Konjunktur
Schwellenländer stützen die Weltwirtschaft

Die Konjunktur wird durch die Krise an den Immobilien- und Finanzmärkten belastet. Experten erwarten aber keine schwere Rezession in den USA. Gefahren drohen durch die steigenden Lebensmittel- und Energiepreise.

DÜSSELDORF. Die Weltkonjunktur wird nach Einschätzung der am Frühjahrsgutachten beteiligten Institute 2008 zwar an Fahrt verlieren, sich danach aber wieder leicht erholen. Trotz der „gegenwärtig beträchtlichen“ Belastungen durch die Immobilien- und Finanzmarktkrisen rechnen sie nicht mit einer schweren Rezession in den USA und deshalb „auch nicht mit einem konjunkturellen Einbruch der Weltwirtschaft“. Diese wird nach den Prognosen des Gutachtens 2008 mit 2,7 Prozent um fast einen Prozentpunkt langsamer wachsen als 2007. Insbesondere für die USA ist das Gutachten deutlich optimistischer als der Internationale Währungsfonds (IWF).

Ihre Hoffnungen knüpfen die Institute an die „sehr günstige Verfassung der Unternehmen“ außerhalb des Finanzsektors, an Impulse durch die US-Zins- und Wirtschaftspolitik und die Wachstumsdynamik in den Schwellenländern. Deren Produktionsanstieg werde zwar gedämpft, bleibe aber „beachtlich“. Für alle Schwellenländer – ihr Bruttoinlandsprodukt stieg 2007 um 7,8 Prozent – lauten die Wachstumsprognosen 6,5 Prozent in 2008 und 6,1 Prozent in 2009.

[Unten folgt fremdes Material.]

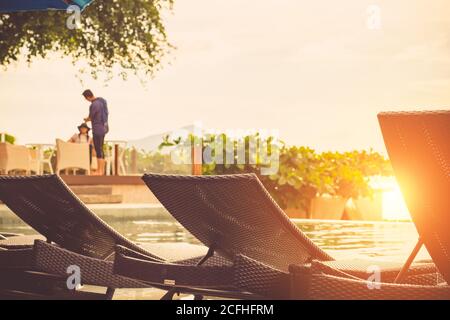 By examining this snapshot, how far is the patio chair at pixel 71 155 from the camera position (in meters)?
15.5

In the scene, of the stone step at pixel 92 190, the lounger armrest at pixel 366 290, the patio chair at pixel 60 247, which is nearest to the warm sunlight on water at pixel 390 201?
the stone step at pixel 92 190

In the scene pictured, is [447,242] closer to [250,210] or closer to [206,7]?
[250,210]

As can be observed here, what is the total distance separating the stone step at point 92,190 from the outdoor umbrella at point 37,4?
6008 millimetres

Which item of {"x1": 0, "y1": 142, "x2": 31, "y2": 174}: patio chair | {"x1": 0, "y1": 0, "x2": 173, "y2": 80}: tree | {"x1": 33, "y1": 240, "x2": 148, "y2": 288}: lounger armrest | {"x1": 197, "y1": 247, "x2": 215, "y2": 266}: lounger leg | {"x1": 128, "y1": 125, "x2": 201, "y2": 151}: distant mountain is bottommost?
{"x1": 33, "y1": 240, "x2": 148, "y2": 288}: lounger armrest

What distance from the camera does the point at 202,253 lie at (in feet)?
11.8

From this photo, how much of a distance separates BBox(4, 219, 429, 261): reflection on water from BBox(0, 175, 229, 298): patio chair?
3250 mm

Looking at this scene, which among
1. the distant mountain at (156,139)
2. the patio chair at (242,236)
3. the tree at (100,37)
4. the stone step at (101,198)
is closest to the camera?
the patio chair at (242,236)

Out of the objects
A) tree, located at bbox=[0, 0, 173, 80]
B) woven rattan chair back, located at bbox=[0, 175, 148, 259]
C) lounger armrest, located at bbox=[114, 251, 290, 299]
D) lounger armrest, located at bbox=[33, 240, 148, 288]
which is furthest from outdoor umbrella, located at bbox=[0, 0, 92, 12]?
tree, located at bbox=[0, 0, 173, 80]

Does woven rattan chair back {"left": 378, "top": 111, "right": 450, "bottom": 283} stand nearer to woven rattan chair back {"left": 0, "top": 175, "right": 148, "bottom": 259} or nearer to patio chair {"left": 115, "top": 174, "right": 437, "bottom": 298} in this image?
patio chair {"left": 115, "top": 174, "right": 437, "bottom": 298}

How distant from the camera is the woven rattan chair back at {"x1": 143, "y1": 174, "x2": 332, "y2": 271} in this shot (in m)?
→ 2.82

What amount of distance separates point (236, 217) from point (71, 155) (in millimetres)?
13148

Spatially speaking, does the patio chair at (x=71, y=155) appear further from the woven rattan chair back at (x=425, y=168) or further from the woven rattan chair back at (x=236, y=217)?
the woven rattan chair back at (x=425, y=168)

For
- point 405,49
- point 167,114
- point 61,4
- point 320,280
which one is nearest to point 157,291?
point 320,280

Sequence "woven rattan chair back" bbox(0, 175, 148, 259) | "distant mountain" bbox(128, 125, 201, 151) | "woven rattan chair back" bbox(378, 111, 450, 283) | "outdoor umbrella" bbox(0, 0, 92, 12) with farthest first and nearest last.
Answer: "distant mountain" bbox(128, 125, 201, 151) → "outdoor umbrella" bbox(0, 0, 92, 12) → "woven rattan chair back" bbox(0, 175, 148, 259) → "woven rattan chair back" bbox(378, 111, 450, 283) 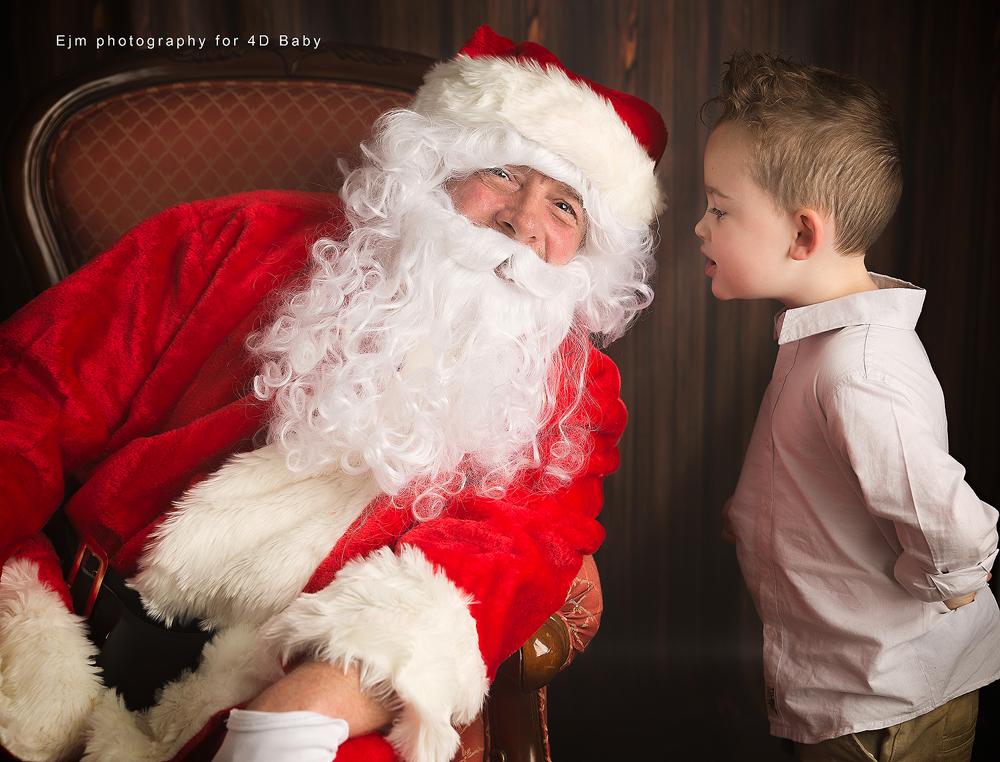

Allerdings räumen die Institute ein, dass die binnenwirtschaftliche Dynamik dieser Länder als „stabilisierender Faktor für die Weltwirtschaft“ durch einen weiteren starken Anstieg der Lebensmittel- und Energiepreise und damit verbundene soziale Spannungen gefährdet sein könne. Zudem sei „schwer abzuschätzen“, welche Folgen der US-Nachfrageausfall für die Produktion in den Schwellenländern habe. Eine ausgeprägte Rezession in den USA mit negativen Folgen für den Rest der Welt sei zu befürchten, sollte es zu weiteren Liquiditätskrisen großer Finanzinstitute kommen und sollten sich die Finanzierungsbedingungen gravierend verschlechtern.

Laut US-Notenbank hat sich die Wirtschaftslage in den USA im März und Anfang April weiter eingetrübt. Grund seien schwächere Konsumausgaben, höhere Kosten für die Unternehmen und eine rigidere Kreditvergabe, schreibt die Fed in ihrem „Beige Book“. Die deutschen Institute erwarten, dass die US-Notenbank ihren Leitzins bis zum Sommer nochmals leicht um 25 Basispunkte auf zwei Prozent senken wird.